Although the Universal Life Church apparently has little in the way of religious dogma, ministerial functions such as conducting worship services or performing baptisms and marriage ceremonies are performed by its ministers. See Universal Life Church v. United States, 372 F. Supp. 770, 772 (E.D.Cal.1974) (summarizing testimony of Rev. Hensley, founder). Thus, an equal protection argument[5] that the regulations discriminate against this religious group cannot be successful.

Finally, plaintiff claims that the IRS' application of the regulations to him denies him equal protection, as opposed to other ministers. The exemption of 26 U.S.C. § 1402(e) covers only self-employment income derived from ministerial functions with respect to any minister. Plaintiff has been engaged in the practice of dentistry before and after becoming a minister of the Universal Life Church in 1976. He apparently concedes that his income derives from this practice. He refers to a unique feature of the practice that makes it a part of his ministry, but has not stated what this aspect is. The uncontroverted facts in this case establish no basis for an equal protection claim or for a statutory claim that the IRS has erred in denying the § 1402(e) exemption from self-employment taxes for social security benefits. Summary judgment will be granted in favor of the defendant.


[1] Mr. Seward paid $5800, as taxes for 1976 through 1979, on May 23, 1980, before this action was filed. The Government asserted that the specific taxes were not paid, in that the $5800 sent to the Internal Revenue Service was not creditied to these taxes. (See letter of January 12, 1981, to this Court, filed with this Memorandum and Order.) This problem has apparently now been corrected.

[2] Plaintiff asserts that he had earlier made a commitment not to accept Social Security benefits for religious reasons but did not apply for an exemption because of concern for his wife and children.

[3] The Government contests plaintiff's status as an "ordained" minister, on the basis that the Universal Life Church distinguishes between its honorary divinity degrees and ministerial credentials. It assumes, however, that plaintiff is a duly ordained minister.
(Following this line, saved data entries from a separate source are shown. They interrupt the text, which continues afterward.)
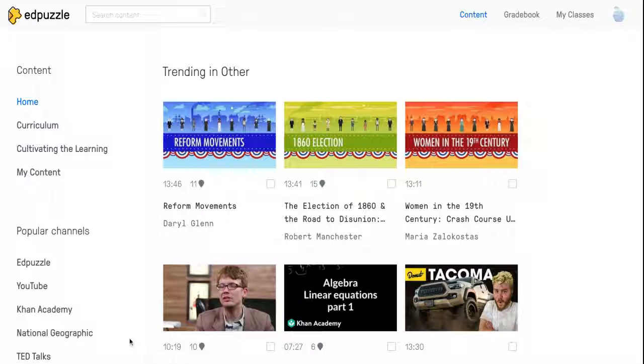This is Annie Fernandez-Parker from Cultivating Learning. In this tutorial I'm going to be showing you how to add your own content to your My Content area.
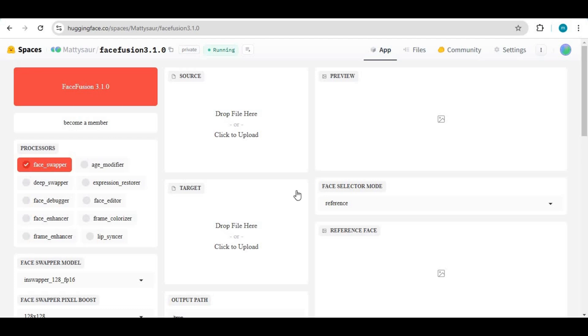Introducing FaceFusion 3.1.0, now with DeepSwap, Modified Age Modifier, more enhancers, and new better face swap models.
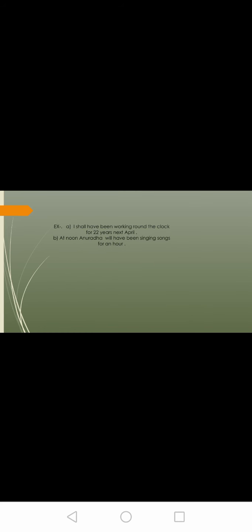The last tense is future perfect continuous tense. It describes an action that will be in progress over a period of time and will end in the future. For example, I shall have been working round the clock for twenty-two years next April. At noon, Anuradha will have been singing songs for an hour.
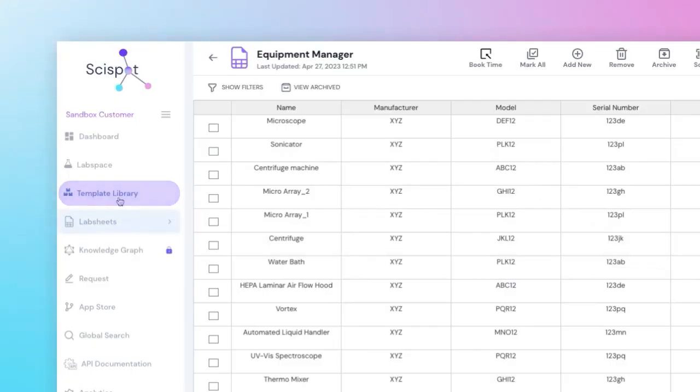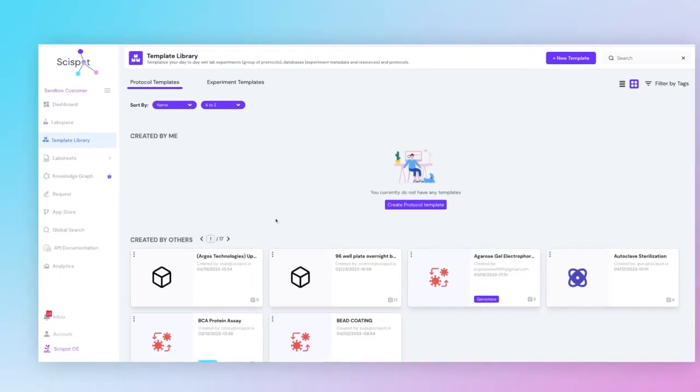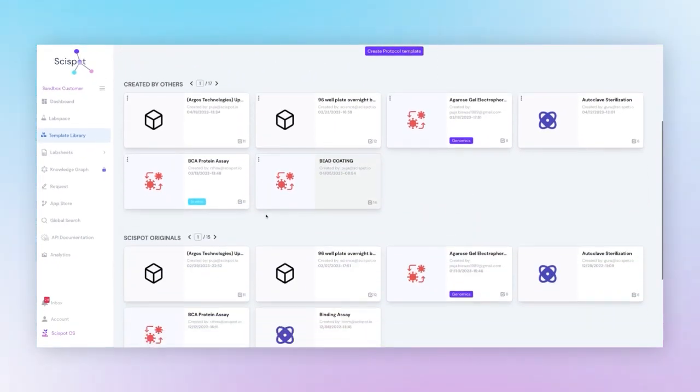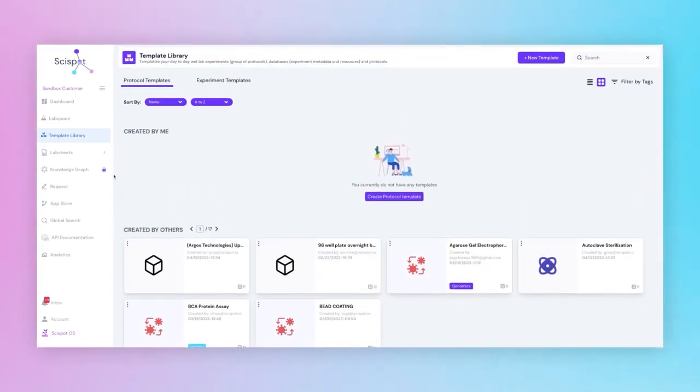We also have a template library where you can templatize your workflow and use it as a starting point for your daily runs.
It is unclear that the Universal Life Church draws the distinction the Government notes. In Universal Life Church v. United States, 372 F. Supp. 770 (E.D.Cal.1974), a case concerning the tax-exempt status of Universal Life Church, Inc. in Modesto, California, the Court seemed to draw such a distinction, see id, at 772-73, but testimony of the church's founder was that the church developed the honorary degrees because its policy was to issue ministerial credentials upon request, id. at 772. In any event, this Court will assume that plaintiff is an ordained minister.

[4] Plaintiff received his degree in November 1976 and filed his request for an exemption in February 1976. It appears that the exemption was requested before the degree was received. Since the exemption was not denied until 1979, the IRS apparently considered plaintiff's affiliation with the Universal Life Church.

[5] Plaintiff invokes the Fourteenth Amendment, which applies only to the States. The due process clause of the Fifth Amendment affords similar protection against the actions of the federal government, e. g., Bolling v. Sharpe, 347 U.S. 497, 74 S. Ct. 693, 98 L. Ed. 884 (1953).